Berlin: August 4 - 6

We were back in first class for our five hour train ride from Amsterdam to Berlin. We enjoyed having a compartment where we could stretch out. Occasionally we would step out into the hallway and open a window, feeling the fresh air and smelling the countryside passing by.
 

Kevin recognized the name of this Dutch town we stopped in from his grandparent's diaries of their European trips. His grandfather's brother served in the Canadian army in World War II and was killed in the "Dieppe raid" of 1942. He is buried in the Canadian army cemetery outside Deventer.


We soon struck up a conversation with a Dutch woman who shared our compartment for part of our trip. Her English was limited, but we had a pleasant conversation which soon turned serious as we spoke of her memories of World War II and the German occupation.


We arrived in Berlin during the late afternoon rush hour and took the "U-Bahn" (the Berlin subway) to our hotel. This was a bit challenging to negotiate because our route had several detours and 
"wir don't sprechen Deutsches".


Our hotel was on Kurfurstendamm ("Ku'damm") Boulevard, known as "the Champs Elysees of Berlin" in the 1800's, and the main commercial boulevard through former West Berlin.


By now it was my turn to catch our European cold. I rested in the hotel while Kevin and Laura went off in search of a laundromat. This challenging excursion included first figuring out the Berlin street numbering system (the numbers on one side of the street seem to have no relation to those on the other) and then the high-tech laundromat (with instructions only in German, of course).

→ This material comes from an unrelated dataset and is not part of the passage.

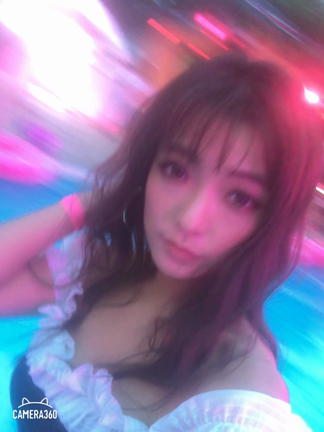 ナイトプールへ❤️の記事動画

By the afternoon we were ready to explore Berlin. We started at the "Topography of Terror". 
This outdoor museum is built on the rubble where the headquarters of the Gestapo and SS stood. A long outdoor exhibit documents the rise and fall of Hitler and the Nazis, as well as Berlin in the postwar era. It runs parallel to one of the few remaining sections of the Berlin Wall.




Laura straddles the Wall, on what was once the dividing line between East and West Berlin.



Next we walked over to "Checkpoint Charlie", the famous border checkpoint between the former American and Soviet sectors in Berlin. We toured the nearby "Museum of the Wall", where exhibits tell the history of the Wall and the dramatic stories of some very ingenious escape attempts. 


We walked down Unter den Linden, one of the grand boulevards in pre-World War II Berlin, to the Brandenburg Gate. This is the only surviving gate of the 14 original gates in the old city wall. 


The Berlin Wall used to stand very close to the Brandenburg gate. Its former path is marked by bricks.


The Reichstag, home of the German parliament, looked impressive in the setting sun. Unfortunately it was closed, but we were still able to admire the outside, including the newer glass cupola on top, added in 1999 when the building was remodeled and reopened after a long period of neglect.


Laura and Mary walking through Tiergarten on our way to dinner. The Tiergarten is "Berlin's Central Park", stretching from the Brandenburg gate out through former West Berlin.


We ended our very long day with a traditional German meal: potato soup, bratwurst and mashed potatoes, goulash with spaetzle and beer!


Saturday we rode the U-Bahn out to the East Side Gallery. This is the longest surviving stretch of the Berlin Wall, running alongside the Spree River (and the former "No-Man's-Land" adjacent to it).


The paintings on this section of the Wall express the time of change and the feelings 
of great hope -- a memorial to freedom.





"S-Bahn" train crossing the Spree River. Berlin has two metro systems: the "U-Bahn" is the underground subway, the "S-Bahn" is mostly above ground.


Later in the day we returned to central Berlin. It's interesting to walk through the former East Berlin and imagine what the large concrete buildings housed (or what the small sentry gate was for).


We visited the recently-opened (2005) Memorial to the Murdered Jews of Europe. It's thought-provoking, and perhaps intentionally disorienting, as you wander through the labyrinth of slabs.


We ended our stay in Berlin with a visit to the top of the "TV Tower", a momento of the Communist era, built to symbolize the East's superiority over the West, but now turned into a tourist attraction.


We saw the night lights of Berlin spread out before us, including a brief display of fireworks.


In this city more then any other on our trip we saw the impact of the two great historical forces sweeping through Europe in the last century: Nazism and Communism.